Lettera aperta al Sindaco Antonio Vaglio

Ill.mo Sig. Sindaco;  Mi accingo, a differenza da quanto fatto da Ella, a risponderLe, non già per telefono, giacchè verosimilmente, atteso il Suo non eccezionale tasso di cortesia, alla quale peraltro ad onor del vero non è tenuto,

 potrebbe chiudermi il telefono a differenza di come io ho fatto essendomi educatamente soffermato ad ascoltarLa, ma lo faccio con una lettera aperta per un duplice ordine di motivi:Primo perché avendo scelto di essere un uomo pubblico al servizio della città, allorché assumo un comportamento, lo mantengo con lealtà sia nei confronti della formazione della quale sono parte integrante sia nei confronti dell’elettorato che si ricorderà mi aveva votato (pur nelle ridotte dimensioni del consenso attribuitomi) in una coalizione avversa alla Sua;

Secondo perché non ho assolutamente nulla da rimproverarmi, avendola richiamata al Suo dovere Istituzionale, nel mentre Lei era (più che legittimamente) in vacanza, come il Suo Vice Sindaco e non io quindi, aveva riferito durante l’ultimo Question Time non a me, ma all’intera città, atteso che quando le notizie vengono date in quella sede sono esse si di dominio pubblico.Vengo subito alla questioneIl fatto che Ella sig.

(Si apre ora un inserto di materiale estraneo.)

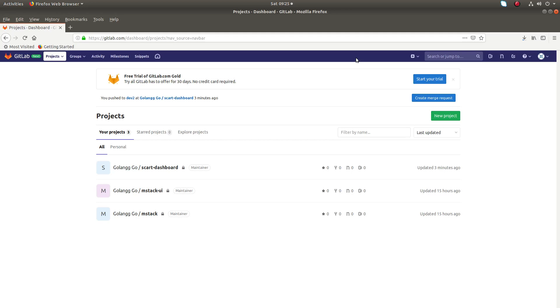Hi friends, so this video shows how to change the default branch in GitLab project.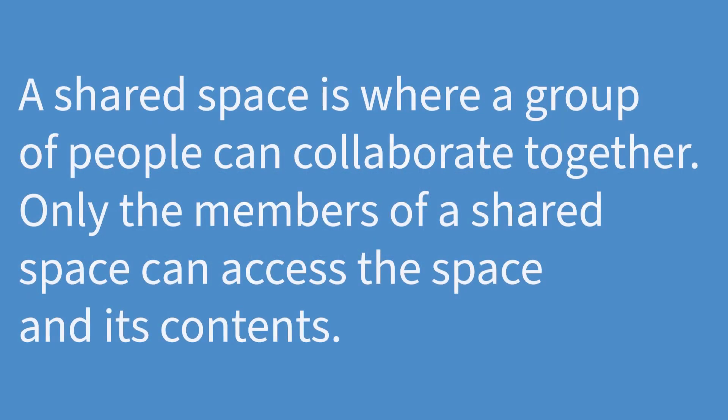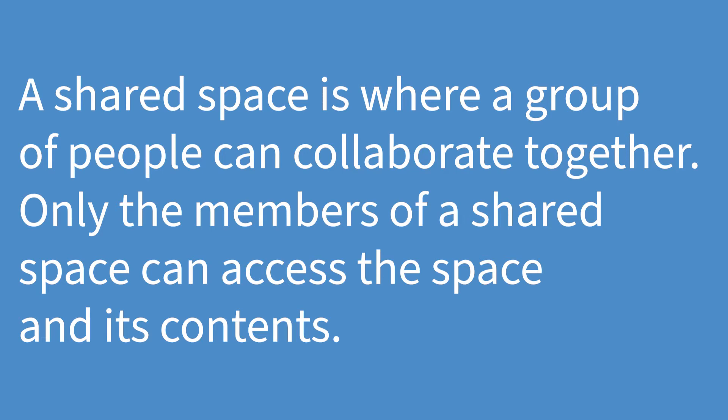As an educator, you might find it helpful to create a single workspace for each of your classes or workshops. This creates a shared space for all of the learners within a class, allowing you to create and share assignments with your learners, as well as provide learners with a place to complete their coursework. What's more, you can view the work of your learners by going into their RStudio projects.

Sindaco abbia riportato nei miei confronti un sentimento negativo fino ad “offendersi” sta a dimostrare ove si dovesse cogliere l’accessione filosofica dell’aspetto, che Ella milita sicuramente nella coalizione sbagliata.

Predicavano infatti i filosofi delle teorie Marxiane e di quelle Hegheliane che l’offesa è sentimento borghese e quindi dovrebbe essere sentimento non nutrito dai militanti delle sinistre.

 Se così non è, anche per quest’aspetto Lei dimostra di assommare una fortissima confusione culturale più protesa alla mera gestione del “governo” che incline allo sviluppo di un modello sociale e quindi anche per questo non avevo torto a richiederLe di lasciare il governo della città.

Lei dopo aver letto infatti l’articolo da me diffuso sulla “questione della strada vicinale Rodegaleto” si è risentito per la mia attenzione nei confronti di chi non riesce ad ottenere provvedimenti dalla Sua amministrazione e mi ha comunicato per telefono (mi scusi per l’insolenza ma non doveva usare quello del comune giacchè si trattava di fatto personale) la “fine del nostro rapporto di amicizia”.

Sento l’esigenza di dirle anzi di gridarle pubblicamente che ciò mi addolora (come uomo) moltissimo in quanto l’amicizia che Ella ha voluto tagliare data oltre un quarantennio.Le dirò mutatis-mutandis che dal punto di vista istituzionale mi sentirò, per la Sua comunicazione, più affrancato in quanto se fare il proprio dovere fa aizzare gli animi, mi dispiace egregio Sig.Sindaco, io lo continuerò a fare nei modi che spero mi riconosca sono propri del mio modo di essere e di divenire.

Non ho capito infatti in che senso mi dovrei sentire menomato dall’assenza del conforto della Sua amicizia, giacchè sig.Sindaco spero vorrà darmi atto che mai e poi mai ho chiesto nulla per mè e/o per miei congiunti.

 Laddove il rapporto che intercorreva me lo ha consentito mi sono permesso talvolta sollecitarLe provvedimenti in favore di nostri concittadini che in ogni caso per gli stessi avrebbero costituito diritti.In definitiva mi sento di dirle che l’uomo che le scrive e che ha voluto farlo mettendo al corrente la città è amareggiato da un comportamento mi consenta indefinibile, nel mentre il politico che Le scrive è qui a confermarle che se questo è il Suo essere Sindaco forse a maggior ragione dovrebbe passare la mano.Mi dispiace dover concludere per l’impossibilità di un miglior incontro.